Recently, I've returned to do more research on family  I know arrived in this country in the early 1600's and were among the inhabitants of Jamestown.  Col. Thomas Pettus, born in Norwich, England in 1598, came to Virginia as the commander of 40 soldiers, brought over to help the colonists fight the natives.  He was from a very prominent family in England and would have likely had a fairly comfortable life there, but he made the decision to stay in Virginia and help establish the new colony.  He became a prominent member of the Jamestown community in the 1640's - a large landowner and vestryman of a local parish.  He has a land grant documented in 1643 for 886 acres, in part by marriage to Elizabeth Durant, widow of Richard Durant, who originally patented it in 1636.  He also purchased land called "little town," whose owner had died. 

Thomas's first marriage is not well-documented; he may have married Elizabeth Durant in England or in Virginia.  There are several children listed for him that were born prior to his second marriage.  In 1645 he married "Elizabeth Mourning," aka Ka-Okee Patamwomeck, purported daughter of Pocohantas and her first marriage to Kacoum!  We don't just have any old Indian Princess, we have Pocahontas!

I admit that most of my knowledge of Pocahontas and Kocoum comes from the Disney movie, and I was unaware of any marriage she made prior to the one with John Rolfe.   The National Park Service's Historic Jamestown biography of Pocahontas says she married Kocoum in 1610 when she was 15.  Ka-Okee was supposedly born about 1615, but Pocahontas had been kidnapped in1613 and married John Rolfe in 1614, so that birthdate could not be correct if she was the daughter of Pocahontas and Kocoum.  In fact, Pocahontas gave birth to Rolfe's son, Thomas, in 1615.  The NPS biography says that the couple had a son after moving to his home village following their marriage.  Kocoum is said to have died during her kidnapping, but their son was spared because he was with another woman in the village. 

The Potowomecks today believe that Pocahontas and Kocoum did have a daughter named Ka-Okee, who was raised by the tribe after her father's death and mother's abduction.  Encyclopedia Virginia states that she married Kocoum in 1610, but there are no records of children from this marriage.
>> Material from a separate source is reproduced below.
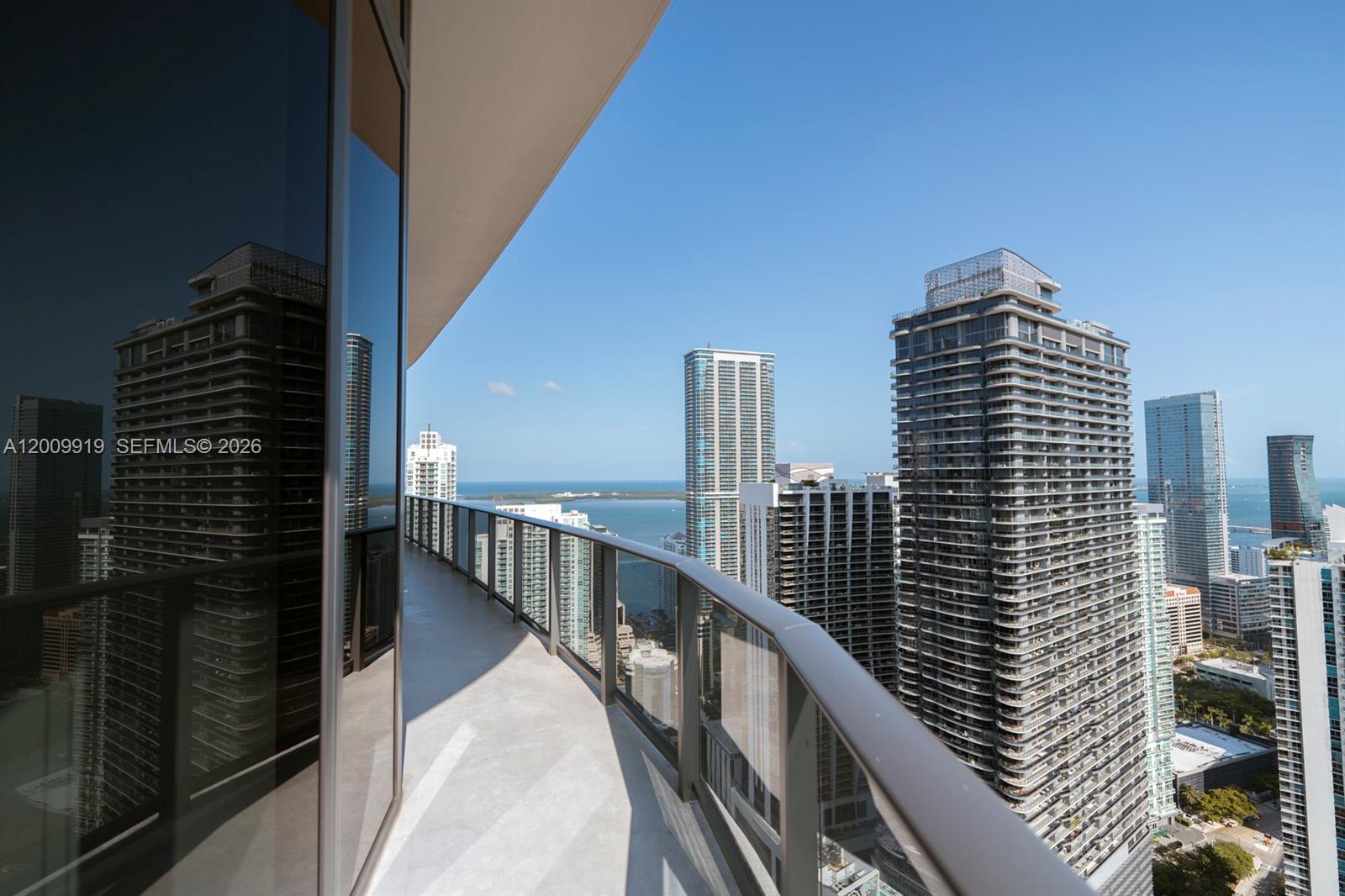 A high-rise balcony with a glass railing overlooks a city skyline and the ocean — 45 SW 9th St # 4906, Miami FL 33130, MIAMI, FL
Whether or not Ka-Okee was the daughter of Pocahontas and Kocoum, or whether or not she is actually "Elizabeth Mourning," wife of Thomas Pettus, is still not clear to me.  I'll have to do some further investigating before I can really claim to be a descendant of Pocahontas, but it's a fun story to tell.  Who knows?

Powhatean woman 1600's

Saturday, December 26, 2015

Family Recipe Friday: Purefoy Hotel Creamed Corn

Someone asked me several months ago to post the recipe for The Purefoy Hotel's  (Talladega, Alabama) recipe for creamed corn.  Sorry so tardy.  Here it is.

Purefoy Creamed Corn

12 large ears corn
1/2 cup bacon drippings
2 Tbs. butter
1/4 cup sugar
2 tsp. salt

Cut corn very lightly, then scrape with a dull knife.  Put in a porcelain lined vessel with four cups of boiling water and 1/2 cup bacon drippings.  Cook until half done, add butter, sugar and salt.  Cook from 30 - 40 minutes over slow heat, stirring constantly to keep from burning.  

Wednesday, December 23, 2015

Saturday, December 19, 2015

52 Ancestors: Rachel Baird Stanfill 1823 - 1910

Photo from the Madison County Genealogical & Historical Society.  Seated:  Rachel Baird Stanfill.  Back  row:  Doyle McCarver, Bruce McCarver, Louisa Stanfill McCarver, Onno McCarver, William Stanfill, Lassie McCarver, Otto McCarver, Lewis Stanfill, Sallie Stanfill, Martha McCarver
Rachel Baird Stanfill, my great-great grandmother, was born in December 1823 in Whitley, Kentucky.  At that time, northeastern Kentucky was still a frontier; Rachel's father, Lewis Millard Baird, had moved there from North Carolina before 1819, when he married her mother, Elizabeth Woosley, who had recently come from Virginia with her family.  Rachel grew up with 11 siblings in the Cumberland mountains of southeast Kentucky.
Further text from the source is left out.